De leden vragen zich af of de regering een inschatting kan geven van de schaal waarop er met ELS gewerkt zou worden voor wetenschappelijk onderzoek met embryo’s?

En kan de Staatssecretaris inzichtelijk maken welke cellen gebruikt wordt om ELS’s tot stand te brengen? Wordt gebruik gemaakt van embryonale of foetale weefsels en cellijnen?

De leden van de SP-fractie lezen dat «[o]nderzoek met ELS die een intact «klassiek» embryo nabootsen [...] inzichten [kan] bieden in de vroege ontwikkeling van embryo’s die niet door middel van een ander type onderzoek zouden kunnen worden verkregen.» Zij vragen de regering of zij voorbeelden kunnen noemen van onderzoek dat hiermee mogelijk kan worden gemaakt?

De leden van de SGP-fractie lezen dat de regering het niet wenselijk vindt om het tot stand brengen van ELS die een intact «klassiek» embryo nabootsen voor wetenschappelijke doeleinden te verbieden. De leden van de SGP-fractie missen echter een duidelijke onderbouwing waarom de regering dit niet wenselijk vindt. In reactie op het advies van de Afdeling Advisering van de Raad van State (hierna: de Afdeling) is de regering in de toelichting uitgebreider ingegaan waarom onderzoek met ELS minder gevoelig zou zijn en hoe de diverse belangen die hierbij een rol spelen door de regering zijn gewogen. Het valt de leden van de SGP-fractie op dat hiertoe eigenlijk uitsluitend wordt verwezen naar de opvattingen van burgers over onderzoek met ELS of (rest)embryo’s vanuit het Rathenau-onderzoek «Gewicht in de schaal». Zij begrijpen dat de regering zich gesteund voelt door maatschappelijke opvattingen op dit punt. De leden van de SGP-fractie wijzen er echter dat een verwijzing naar deze maatschappelijke opvattingen op zichzelf nog geen inhoudelijke weging van belangen behelst. Zij verzoeken de regering daarom alsnog expliciet en inhoudelijk toe te lichten waarom onderzoek met ELS (en het kweken van dergelijke celstructuren) «minder gevoelig» zou zijn dan klassieke embryo’s.

Terzijde verwijzen de leden van de SGP-fractie naar de kritiek van de Afdeling bij de behandeling van de oorspronkelijke Embryowet dat een breed maatschappelijk draagvlak slechts informatieve waarde kan hebben en dat overheidsbeleid niet gevoerd kan worden door of gebaseerd kan zijn op de opvattingen van maatschappelijke organisaties.4 Het komt de leden van de SGP-fractie voor dat de huidige regering opnieuw in dezelfde valkuil stapt.
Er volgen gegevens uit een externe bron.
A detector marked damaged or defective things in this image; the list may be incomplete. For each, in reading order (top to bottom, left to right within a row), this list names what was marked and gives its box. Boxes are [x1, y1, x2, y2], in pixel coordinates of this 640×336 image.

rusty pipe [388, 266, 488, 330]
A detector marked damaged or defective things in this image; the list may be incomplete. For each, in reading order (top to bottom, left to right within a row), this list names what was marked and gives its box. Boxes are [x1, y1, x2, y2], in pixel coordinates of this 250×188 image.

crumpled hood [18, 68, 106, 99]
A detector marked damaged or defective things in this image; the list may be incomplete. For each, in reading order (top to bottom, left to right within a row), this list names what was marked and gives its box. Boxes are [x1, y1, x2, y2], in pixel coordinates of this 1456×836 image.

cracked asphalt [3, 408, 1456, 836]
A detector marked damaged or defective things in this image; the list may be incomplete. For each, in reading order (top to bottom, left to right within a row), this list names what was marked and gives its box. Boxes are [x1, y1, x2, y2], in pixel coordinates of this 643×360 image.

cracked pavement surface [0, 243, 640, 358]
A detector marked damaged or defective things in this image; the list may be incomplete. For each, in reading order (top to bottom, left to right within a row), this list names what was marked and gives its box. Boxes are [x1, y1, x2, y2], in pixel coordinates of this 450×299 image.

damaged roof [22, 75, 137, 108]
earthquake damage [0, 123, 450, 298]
De leden van de ChristenUnie-fractie hebben ten aanzien van het opheffen van het onderzoeksverbod op intacte ELS meerdere zorgen en vragen. Deze leden zijn van mening dat als intacte embryo’s, hoewel kunstmatig tot stand gekomen, embryo’s vrijwel volledig nabootsen en zich ontwikkelen als een intact embryo, het niet te onderscheiden is hoe zij zich onderscheiden ten opzichte van en minder beschermwaardig zouden zijn dan klassieke menselijke embryo’s. Daarom past het wat deze leden betreft om terughoudend te zijn om intacte ELS te gebruiken voor onderzoek. Tegelijk zien de leden van de ChristenUnie-fractie ook dat de morele status van ELS onontgonnen terrein is. Is de Staatssecretaris bereid om ethisch onderzoek en ethische reflectie te laten uitvoeren op de morele status van intacte ELS en de consequenties daarvan voor wetenschappelijk onderzoek?
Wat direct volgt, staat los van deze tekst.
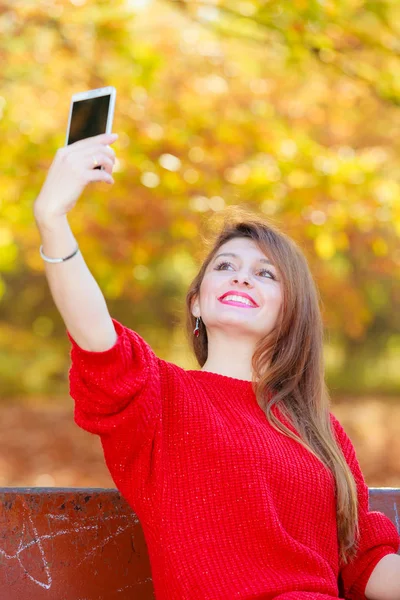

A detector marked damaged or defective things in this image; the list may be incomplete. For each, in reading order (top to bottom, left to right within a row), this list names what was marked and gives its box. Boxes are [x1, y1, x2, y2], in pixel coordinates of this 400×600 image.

rusty metal bench back [0, 488, 398, 600]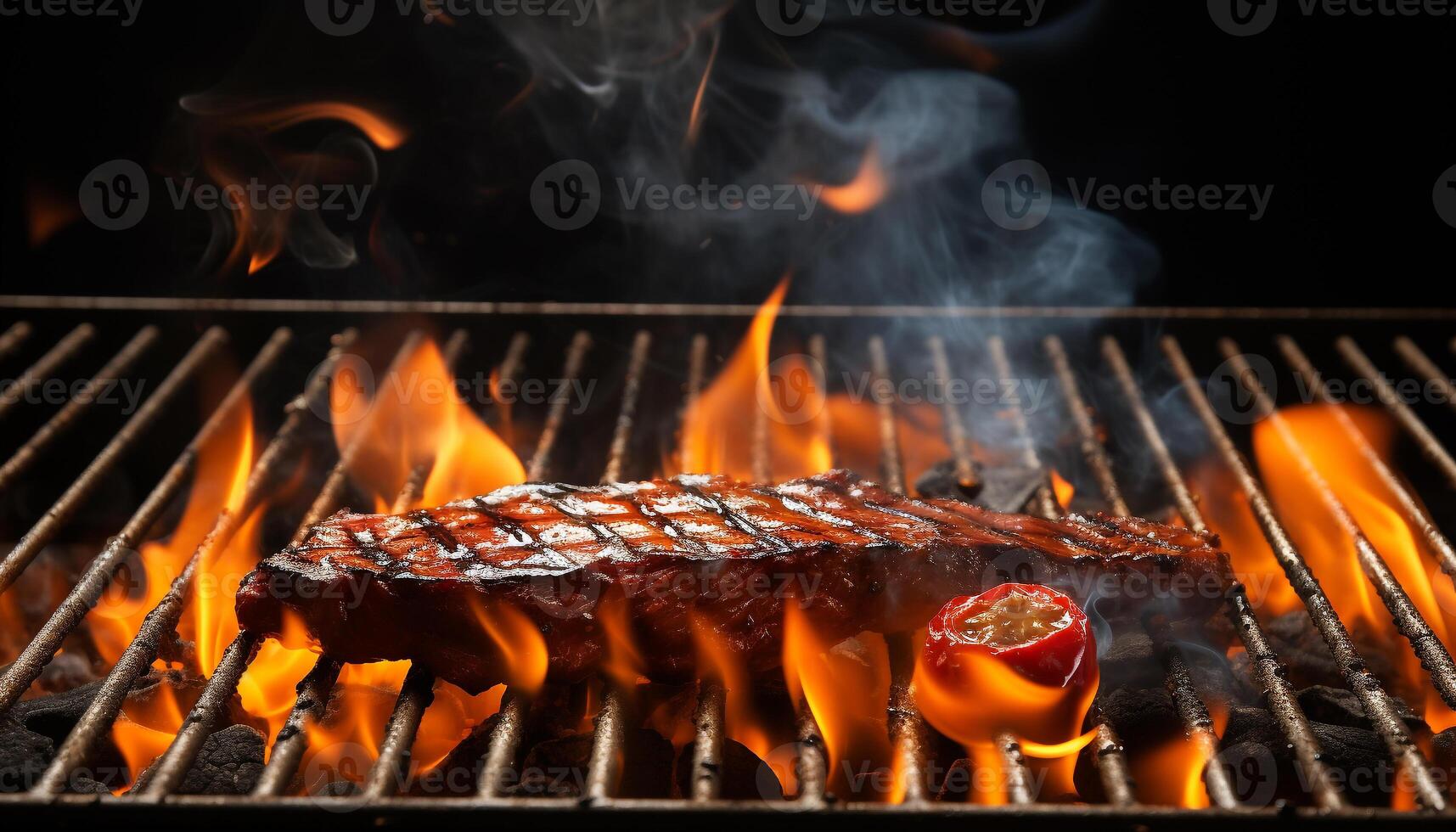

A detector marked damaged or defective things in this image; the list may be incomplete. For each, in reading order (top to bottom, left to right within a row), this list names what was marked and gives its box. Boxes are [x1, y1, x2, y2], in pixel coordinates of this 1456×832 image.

rusty grill rod [0, 320, 33, 363]
rusty grill rod [0, 323, 94, 422]
rusty grill rod [0, 324, 159, 492]
rusty grill rod [0, 329, 229, 594]
rusty grill rod [0, 324, 245, 717]
rusty grill rod [26, 329, 336, 798]
rusty grill rod [1094, 334, 1345, 810]
rusty grill rod [1159, 334, 1444, 816]
rusty grill rod [1217, 336, 1456, 711]
rusty grill rod [1281, 338, 1456, 585]
rusty grill rod [1333, 336, 1456, 492]
rusty grill rod [1391, 336, 1456, 419]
Daarnaast vinden de leden van de ChristenUnie-fractie de toevoeging van de regering met betrekking tot een uiteenzetting van de afweging, waar de Afdeling om vroeg ten aanzien van de keuze voor het opheffen van het onderzoeksverbod voor ELS, ondermaats. De Afdeling vroeg om een toelichting die blijk geeft van een evenwichtige afweging van voor dit wetsvoorstel relevante waarden, grondrechten, belangen en argumenten. Als reactie daarop heeft de regering het gepast slechts te refereren aan de uitkomst van een enquêtevraag over het gebruik van alternatieven in plaats van het gebruik van menselijke restembryo’s. Deze leden verzoeken de regering alsnog in te gaan op de relevante waarden, grondrechten, belangen en argumenten die zijn afgewogen bij het komen tot de keuze om ELS uit te sluiten van het onderzoeksverbod.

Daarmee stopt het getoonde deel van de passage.